L’incertitude et le fatalisme de l’opinion s’expriment d’ailleurs dans les tendances abstentionnistes que connaît la France depuis plusieurs élections. Cela ne date ni du mandat d’Emmanuel Macron, ni de la période de crise continue qui s’est ouverte à l’automne 2018. Mais force est de constater qu’Emmanuel Macron n’a pas totalement réussi son pari de redonner confiance dans la politique. Cette tendance pourrait-elle avoir contaminé l’élection-reine de notre système politique ? Allons-nous connaître, le 10 avril 2022, un taux d’abstention de même niveau qu’au soir du 21 avril 2002, lorsque seuls 71,6% des Français avaient voté ? C’est une question à la fois essentielle et à laquelle il est difficile à répondre quatre mois avant le scrutin. Les enquêtes et les données de sondages permettent de repérer certains signaux faibles et balises de l’opinion publique mais ne permettent pas de prédire à coup sûr une participation électorale par nature évolutive en fonction de la campagne et des enjeux de celle-ci qui ne sont pas encore tous apparus.

LE « POTENTIEL ABSTENTIONNISTE » À UN NIVEAU RELATIVEMENT ÉLEVÉ

La seconde vague de l’enquête BVA consacrée aux Français et l’élection présidentielle, réalisée en partenariat avec Orange et RTL, nous livre néanmoins de très précieuses indications. On ne dispose que de très peu d’enquêtes comportant autant d’indicateurs sur le « sens du vote », cette enquête est d’une incroyable richesse !  Selon les scénarios de candidatures, entre 53 à 58% des personnes certaines d’aller voter ont déclaré une intention de vote et se disent sûres de leur choix, près de 30% des personnes qui ont fait part de leur choix de vote peuvent encore changer d’avis et près d’une personne sur cinq n’exprime toujours pas d’intention de vote. Le « potentiel abstentionniste » se situe à un niveau relativement élevé, si l’élection avait lieu aujourd’hui : 30%, c’est-à-dire 30% de personnes indiquant une note comprise entre 0 et 8 (sur une échelle de 0 à 10) pour exprimer leur intention d’aller voter. Sans être excessivement alarmiste, on peut voir dans les données de l’enquête tout un ensemble de signaux faibles qui indiquent que le risque d’une érosion de la participation ne peut donc être exclu..
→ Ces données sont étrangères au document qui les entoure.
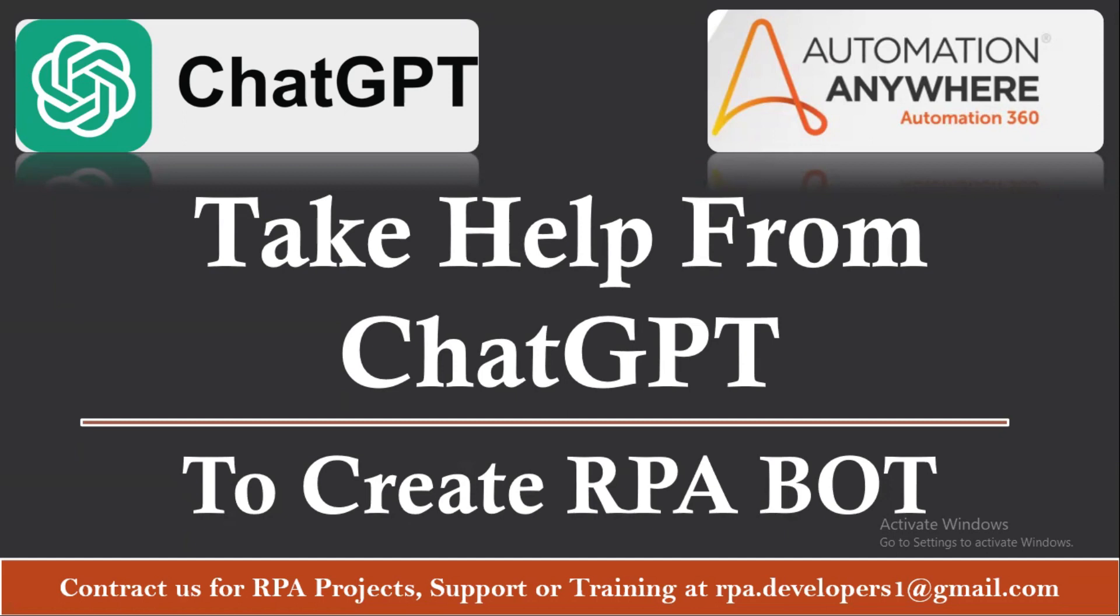I hope this video is helpful and able to make you understand how you can use the ChatGPT as your assistant in order to get the help to complete some task. This is not only applicable to the RPA but if you are working in Python or any other languages also, you can go ahead and try taking help from ChatGPT.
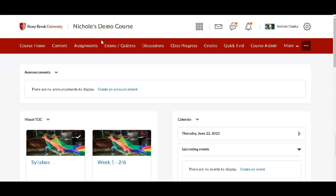We won't see it in the Grade Center like we saw in Blackboard, but we'll see it in the Quizzes and Exams area. So click on Quizzes and Exams.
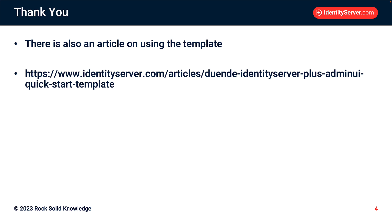So thank you for listening to this talk. If you prefer to read about this, there's an article on this template on the IdentityServer.com website at this URL.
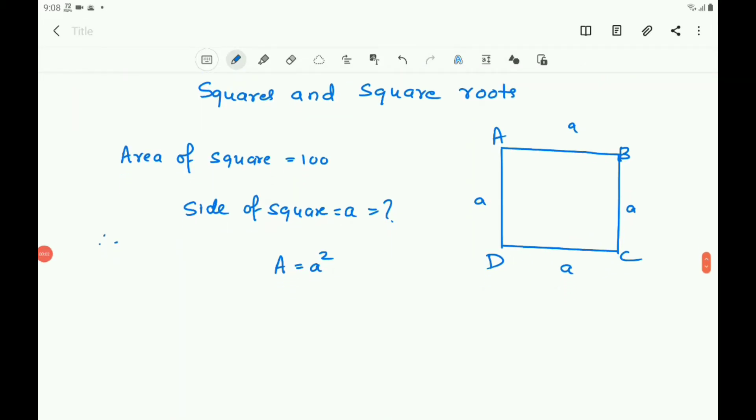Children, let us continue the chapter squares and square roots. You know the perfect square numbers and also you know finding the square of a given number by using different methods.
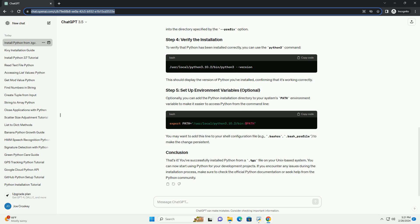To verify that Python has been installed correctly, you can use the python3 command. This should display the version of Python you've installed, confirming that it's working correctly.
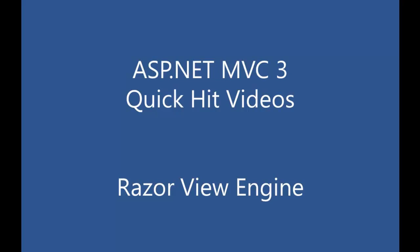In this video, we'll be looking at the basics of the Razor View Engine. We'll look at some more advanced features and some follow-on quick hit videos.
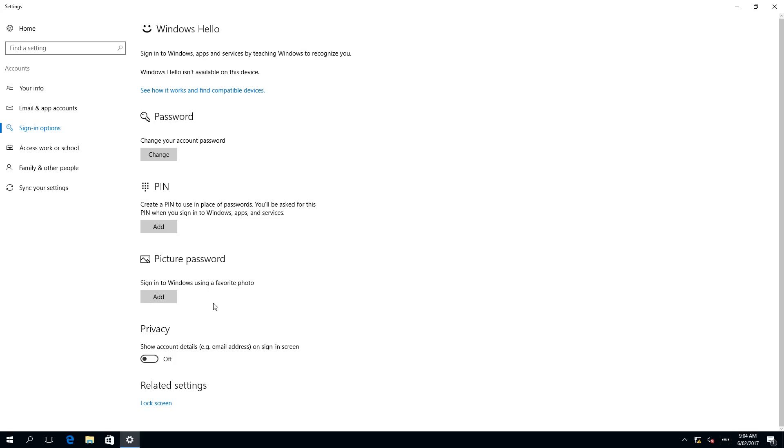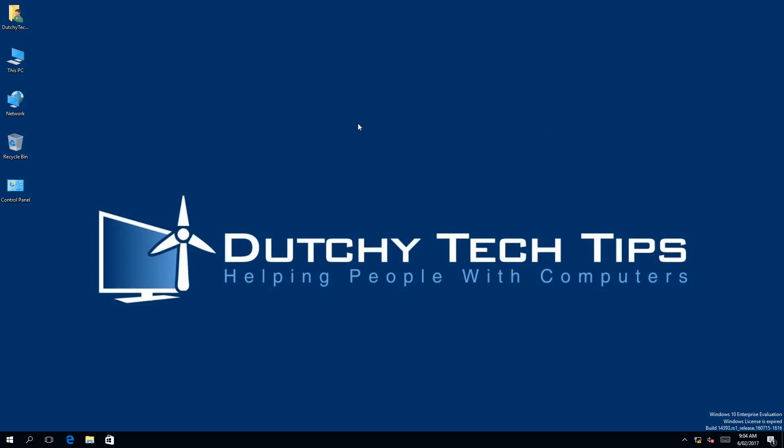As you can see, the add button has been inserted under the picture password heading. And that is a visual cue telling us that our picture password has been removed successfully. To summarize this video, I've shown you how super easy it is to remove your picture password by clicking one single button in Windows 10.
Si les candidats font de leur mieux pour animer la campagne électorale, une dimension plus structurelle semble peser de tout son poids : la « défiance politique » française, le sentiment d’un « déficit démocratique », d’un gouffre qui sépare le citoyen de l’univers de la politique et que rien ne semble pouvoir combler. Nous avons, par exemple, proposé aux personnes interrogées d’indiquer quels sentiments elles éprouvent à propos des débats politiques dans les medias, à partir d’une liste de 10 mots (5 positivement et 5 négativement connotés). Les débats politiques dans les médias font d’abord et avant tout éprouver aux Français de « l’ennui » et du « dégoût » ! 28% des personnes interrogées citent en effet « l’ennui », 19% le « dégoût » en premiers sentiments. Si l’on cumule les sentiments cités en premier et en second, ce sont 45% et 33% des Français qui indiquent ressentir de « l’ennui » et du « dégoût » pour les débats politiques dans les médias. Seuls 16% indiquent éprouver en premier de « l’intérêt » et 15% de la « curiosité » pour ces débats.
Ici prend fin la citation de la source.